5. Stop and Save: Before the 12-hour limit, manually stop the session by clicking the Stop icon (■). Then, immediately commit your progress by clicking "Save Version" -> "Save & Run All (Commit)". This will save the crucial checkpoint file from this session.

**Session 1.2 (T+1)**

1. Start a New Session: Open the same notebook.
2. CRITICAL - Add Previous Output: Click "+ Add Input" on the right. Go to the "Notebook Output Files" tab and find the run from Session 1.1. Add its output as an input source. This gives your new session access to the last checkpoint.
3. Run the Cells: Run Cells 1 through 5 again. The script is smart. In Cell 4, it will automatically find the checkpoint from your attached input and resume training exactly where it left off.
4. Repeat: Let it run for another 8-10 hours, then Stop and "Save Version" again.

**Session 1.3 (T+2)**

1. Repeat the process: Start a new session, add the output from Session 1.2 as an input, and run Cells 1-5.
2. Completion: This final run should be short. The script will finish the remaining epochs for all three stages of the convnext_large model. Cell 5 will complete fully.
3. Mission Complete for Week 1: The final, best model for convnext_large is now safely saved in your committed notebook's output. Do not run Cell 6.

## Week 2: Training the Second Expert & Final Evaluation
After your weekly quota resets (next weekend), you will repeat the process for the second model.

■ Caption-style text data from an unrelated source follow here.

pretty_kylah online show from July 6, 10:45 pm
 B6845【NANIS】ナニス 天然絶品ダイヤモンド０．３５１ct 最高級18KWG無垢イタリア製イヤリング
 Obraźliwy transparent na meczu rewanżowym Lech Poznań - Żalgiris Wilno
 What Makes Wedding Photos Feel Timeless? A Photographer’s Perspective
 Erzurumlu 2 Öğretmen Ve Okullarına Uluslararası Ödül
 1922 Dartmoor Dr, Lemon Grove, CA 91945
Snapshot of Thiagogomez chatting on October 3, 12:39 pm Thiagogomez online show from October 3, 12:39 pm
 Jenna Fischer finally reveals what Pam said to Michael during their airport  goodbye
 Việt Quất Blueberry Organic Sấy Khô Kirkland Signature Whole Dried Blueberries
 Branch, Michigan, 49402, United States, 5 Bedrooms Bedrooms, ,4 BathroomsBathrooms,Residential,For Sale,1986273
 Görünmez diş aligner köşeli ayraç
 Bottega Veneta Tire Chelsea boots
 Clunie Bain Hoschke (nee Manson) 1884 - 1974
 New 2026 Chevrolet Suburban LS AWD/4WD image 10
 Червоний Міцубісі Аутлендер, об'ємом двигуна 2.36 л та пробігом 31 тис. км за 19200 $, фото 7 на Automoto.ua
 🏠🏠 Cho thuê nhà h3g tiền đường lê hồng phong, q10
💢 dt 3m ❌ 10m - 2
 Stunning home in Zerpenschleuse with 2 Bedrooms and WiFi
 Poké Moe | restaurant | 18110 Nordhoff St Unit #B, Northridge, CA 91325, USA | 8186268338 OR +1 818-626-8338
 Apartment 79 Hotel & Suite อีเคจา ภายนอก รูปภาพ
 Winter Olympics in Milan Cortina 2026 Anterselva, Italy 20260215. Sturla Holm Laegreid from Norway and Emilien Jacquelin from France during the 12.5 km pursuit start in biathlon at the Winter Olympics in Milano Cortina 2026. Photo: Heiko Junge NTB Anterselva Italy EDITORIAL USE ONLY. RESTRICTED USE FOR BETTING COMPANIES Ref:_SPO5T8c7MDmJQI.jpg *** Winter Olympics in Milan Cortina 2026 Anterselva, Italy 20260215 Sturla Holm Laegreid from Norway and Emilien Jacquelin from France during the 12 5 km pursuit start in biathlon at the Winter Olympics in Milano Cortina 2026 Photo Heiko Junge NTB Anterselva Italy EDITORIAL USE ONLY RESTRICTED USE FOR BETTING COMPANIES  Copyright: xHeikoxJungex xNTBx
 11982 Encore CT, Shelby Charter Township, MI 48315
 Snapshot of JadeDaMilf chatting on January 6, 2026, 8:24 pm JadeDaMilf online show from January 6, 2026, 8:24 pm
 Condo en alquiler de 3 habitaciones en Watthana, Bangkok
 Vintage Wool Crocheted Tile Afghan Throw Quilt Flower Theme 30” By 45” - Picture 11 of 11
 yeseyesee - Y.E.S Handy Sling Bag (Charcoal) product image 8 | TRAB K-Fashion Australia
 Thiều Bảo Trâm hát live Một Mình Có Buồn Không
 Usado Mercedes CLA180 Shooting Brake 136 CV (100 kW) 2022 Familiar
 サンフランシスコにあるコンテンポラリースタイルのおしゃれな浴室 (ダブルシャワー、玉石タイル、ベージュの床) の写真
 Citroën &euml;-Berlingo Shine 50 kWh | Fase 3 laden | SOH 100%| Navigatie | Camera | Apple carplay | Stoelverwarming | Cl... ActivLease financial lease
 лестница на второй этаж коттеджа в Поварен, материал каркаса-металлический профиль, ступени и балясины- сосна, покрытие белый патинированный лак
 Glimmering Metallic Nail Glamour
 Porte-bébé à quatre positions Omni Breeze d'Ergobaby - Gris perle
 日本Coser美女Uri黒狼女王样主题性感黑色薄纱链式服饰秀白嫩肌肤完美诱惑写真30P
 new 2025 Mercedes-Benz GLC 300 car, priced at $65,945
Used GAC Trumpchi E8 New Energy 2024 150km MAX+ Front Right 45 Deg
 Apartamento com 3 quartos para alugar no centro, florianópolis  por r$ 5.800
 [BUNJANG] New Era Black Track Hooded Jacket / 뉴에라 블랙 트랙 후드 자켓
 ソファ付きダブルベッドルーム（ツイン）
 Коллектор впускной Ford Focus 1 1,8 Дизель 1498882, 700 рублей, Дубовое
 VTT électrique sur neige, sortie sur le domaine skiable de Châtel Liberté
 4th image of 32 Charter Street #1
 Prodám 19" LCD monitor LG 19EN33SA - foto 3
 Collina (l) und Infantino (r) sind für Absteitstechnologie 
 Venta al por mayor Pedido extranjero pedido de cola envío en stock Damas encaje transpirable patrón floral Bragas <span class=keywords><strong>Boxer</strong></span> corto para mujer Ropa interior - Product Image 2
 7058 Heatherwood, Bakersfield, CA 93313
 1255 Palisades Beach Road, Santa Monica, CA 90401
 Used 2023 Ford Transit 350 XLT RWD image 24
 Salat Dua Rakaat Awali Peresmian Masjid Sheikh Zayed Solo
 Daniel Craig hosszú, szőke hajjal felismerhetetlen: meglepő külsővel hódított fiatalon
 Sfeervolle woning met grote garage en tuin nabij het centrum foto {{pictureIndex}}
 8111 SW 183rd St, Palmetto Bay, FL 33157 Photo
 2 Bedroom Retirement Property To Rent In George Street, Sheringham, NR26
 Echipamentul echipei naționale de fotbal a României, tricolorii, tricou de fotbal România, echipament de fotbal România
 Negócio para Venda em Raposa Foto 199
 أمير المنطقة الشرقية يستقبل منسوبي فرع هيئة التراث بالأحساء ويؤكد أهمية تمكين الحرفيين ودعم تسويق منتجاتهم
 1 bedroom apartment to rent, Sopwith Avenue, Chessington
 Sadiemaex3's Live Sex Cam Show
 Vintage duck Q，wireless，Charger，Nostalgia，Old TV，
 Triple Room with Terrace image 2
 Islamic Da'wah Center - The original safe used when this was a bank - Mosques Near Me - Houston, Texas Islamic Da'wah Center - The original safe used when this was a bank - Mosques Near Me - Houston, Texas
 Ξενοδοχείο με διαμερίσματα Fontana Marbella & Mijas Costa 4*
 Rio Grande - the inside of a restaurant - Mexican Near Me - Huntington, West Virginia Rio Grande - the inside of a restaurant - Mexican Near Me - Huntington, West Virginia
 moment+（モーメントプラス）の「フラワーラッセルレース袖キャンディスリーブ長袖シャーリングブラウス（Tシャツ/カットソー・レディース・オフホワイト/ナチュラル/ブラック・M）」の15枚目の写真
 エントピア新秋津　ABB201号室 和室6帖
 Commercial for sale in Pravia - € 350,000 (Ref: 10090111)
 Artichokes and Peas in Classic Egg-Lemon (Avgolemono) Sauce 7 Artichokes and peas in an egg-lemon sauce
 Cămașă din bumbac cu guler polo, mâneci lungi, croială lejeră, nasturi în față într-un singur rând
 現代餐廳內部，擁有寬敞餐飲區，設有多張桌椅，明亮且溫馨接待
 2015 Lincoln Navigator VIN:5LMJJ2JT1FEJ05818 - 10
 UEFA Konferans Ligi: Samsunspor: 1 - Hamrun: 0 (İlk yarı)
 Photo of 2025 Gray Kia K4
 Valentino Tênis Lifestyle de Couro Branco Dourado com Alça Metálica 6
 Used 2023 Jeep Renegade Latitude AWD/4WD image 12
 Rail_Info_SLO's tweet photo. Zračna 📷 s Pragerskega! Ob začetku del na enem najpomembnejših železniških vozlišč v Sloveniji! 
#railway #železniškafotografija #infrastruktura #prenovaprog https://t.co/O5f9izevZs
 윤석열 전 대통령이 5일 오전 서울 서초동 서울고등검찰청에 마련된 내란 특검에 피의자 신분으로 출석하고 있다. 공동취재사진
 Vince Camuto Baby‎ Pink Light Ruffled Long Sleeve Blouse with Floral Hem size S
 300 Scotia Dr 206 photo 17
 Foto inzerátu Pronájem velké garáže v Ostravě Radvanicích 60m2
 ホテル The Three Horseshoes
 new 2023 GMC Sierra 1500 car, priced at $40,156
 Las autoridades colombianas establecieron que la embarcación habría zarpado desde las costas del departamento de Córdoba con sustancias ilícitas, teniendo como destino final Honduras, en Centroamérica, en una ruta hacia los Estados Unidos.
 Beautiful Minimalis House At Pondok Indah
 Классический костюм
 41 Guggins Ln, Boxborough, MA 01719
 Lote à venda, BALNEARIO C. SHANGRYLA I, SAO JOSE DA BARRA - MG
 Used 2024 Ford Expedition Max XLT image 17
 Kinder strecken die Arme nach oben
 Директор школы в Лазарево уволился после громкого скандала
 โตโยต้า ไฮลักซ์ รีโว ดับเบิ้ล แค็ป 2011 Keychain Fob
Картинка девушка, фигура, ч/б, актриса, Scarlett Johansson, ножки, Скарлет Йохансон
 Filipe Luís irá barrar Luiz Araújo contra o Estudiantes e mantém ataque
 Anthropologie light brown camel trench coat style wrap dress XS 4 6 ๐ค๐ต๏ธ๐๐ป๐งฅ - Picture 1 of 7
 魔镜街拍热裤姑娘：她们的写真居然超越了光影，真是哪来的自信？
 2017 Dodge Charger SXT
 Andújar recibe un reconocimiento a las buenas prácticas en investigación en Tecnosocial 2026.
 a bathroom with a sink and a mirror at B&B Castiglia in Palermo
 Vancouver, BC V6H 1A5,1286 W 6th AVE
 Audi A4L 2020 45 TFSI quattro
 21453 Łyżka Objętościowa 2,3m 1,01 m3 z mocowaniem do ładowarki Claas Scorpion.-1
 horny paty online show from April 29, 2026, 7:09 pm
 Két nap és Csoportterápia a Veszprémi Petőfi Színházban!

**Session 2.1, 2.2, 2.3 (Next Weekend)**

1. Configure for Week 2: Open the notebook. Go to Cell 2 and change the TRAIN_BACKBONES list to contain only "swinv2_large_window12_384.ms_in22k_ft_in1k".
2. CRITICAL - Add Week 1's FINAL Model: Add the output from your final, completed Session 1.3 as an input. This makes the fully-trained convnext_large model available for the final evaluation later.
3. Train the Second Model: Repeat the same multi-session process you used in Week 1. Run for 8-10 hours, stop, commit, start a new session, add the previous session's output, and run again.
4. Completion: After about three sessions, Cell 5 will complete fully for the swinv2_large model.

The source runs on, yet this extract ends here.